My faith did not resurrect in a day. It was still a floor full of holes in the woodwork, but that moment was a boulder in the stream, changing its course. I remember praying later on and sensing the invitation to actually let myself believe that it was going to be answered. Let myself believe that God wanted to answer it. It felt like fruit on the branch - within reach, but I still had to make the effort. I had to let myself go there, ante in, choose faith. And I did. And as I did, something happened - not just that day but so many days following. It wasn't in the bells and whistles, the booming voice, the smoke and mirrors, but in the softness that God showed up. He spent the rest of the year showing up.

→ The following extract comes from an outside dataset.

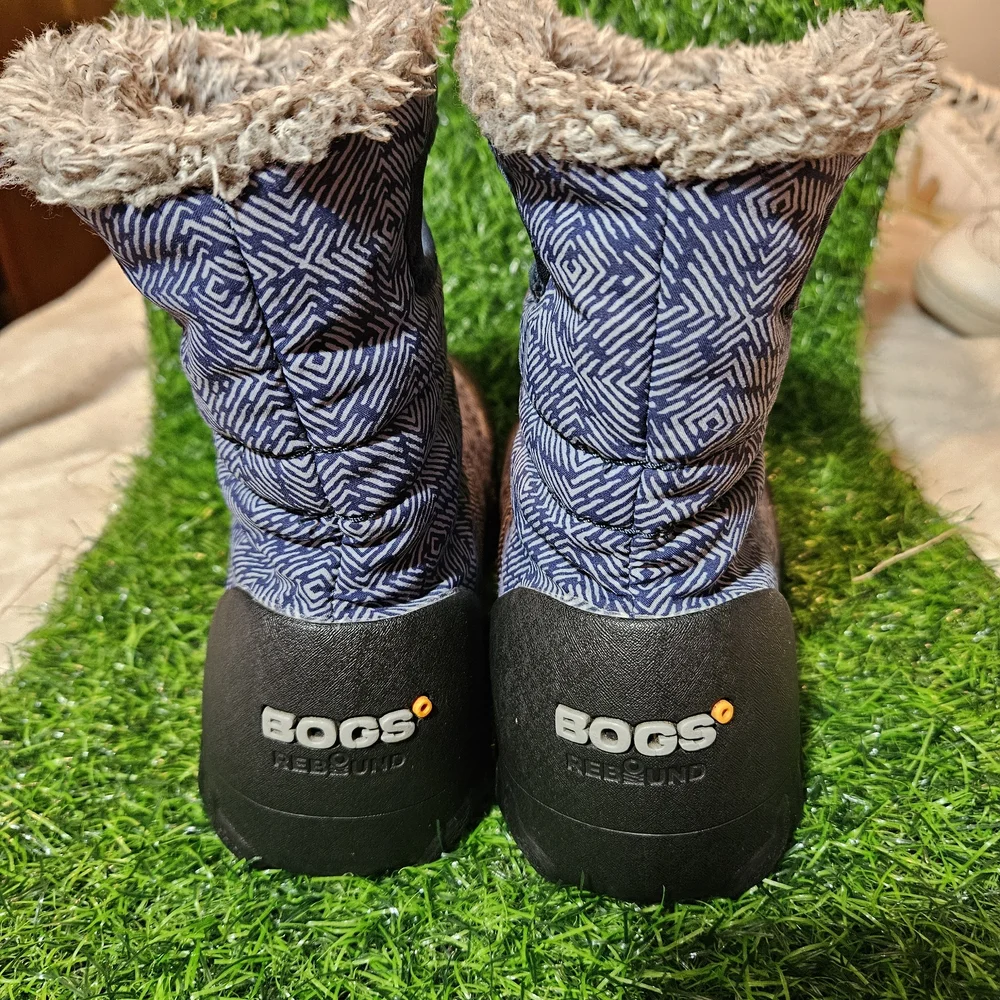 Bogs B-Moc Wool Unisex size 37 eu womens 6 Insulated Boots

He showed up by providing for me. He showed up to pay my rent when things were short and a random $300 got transferred to my account. He showed up to provide meals when I was watching my bank account dwindle. Left and right, I watched as I was never in need. It surprised me so much at first, but I slowly began to smile inwardly with each new provision. But even more than my barest needs, God showed up in the details, the gentle surprises. He was in those tiny delights, the kind you hope for but do not voice. I learned that God not only pays my bills, but He pays attention, and it made all the difference in changing the way I understood Him. We weren't God's obligations, we were His children. Oh. As I stepped out on these little limbs, choosing faith and rejoicing that God cared, He was all too present. So sweet was the season, so full of healing, so overflowing with everything I needed. For everything I had mentally believed, the year taught me how to practically believe it.

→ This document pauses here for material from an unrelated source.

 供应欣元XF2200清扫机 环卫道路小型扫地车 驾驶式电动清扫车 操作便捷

God spent the rest of 2013 assuring me without any doubt that God answers our prayers. I believed the antithesis of what I had come into the year believing: I believed that God could do anything. I had watched Him rebuild my heart. But very importantly, through my experience wandering away I had seen that heart: my ugly, scornful, discompassionate heart. For the first time, I saw with clear eyes how desperately far for perfect, or even good, I was. And I'm not just talking about 2012. Even on a human scale, I had been every form of awkward, every vestige of broken, every prideful inch of 'together'. It wasn't for shame that I saw these things, but for gratitude. I finally understood that of all the people in the world who needed grace, I was not exempt. And God had taken the liberty to change those things in me over and above what I ever could have hoped. (And He's not done yet!)
But seeing in myself the capacity to do all wrong, all things hateful, I newly understood looking at others with love. For the most mired pieces of humanity in another, I felt I could look gently in the eye and say, Me too, friend. For the most horrifying sin, I could say, I understand. I could no longer point out the wrong of anyone, because always behind my eyes was my own reflection. Let she who has no sin cast the first stone…Such began God, having shown me His love, instructing me how to love other people.
So here we are. I'm not a perfect person, not even a particularly astounding person. But in 2013, I was a lost person who became a found person. I had spent my life knowing and loving God, but in 2013 I began to understand all the more deeply His love for me, and for all people. What has made the difference was not perfecting what I had done for Him (religion), but understanding what He had done for me. And continues to do, every day. I await, with patience, hope and excitement, what 2014 holds.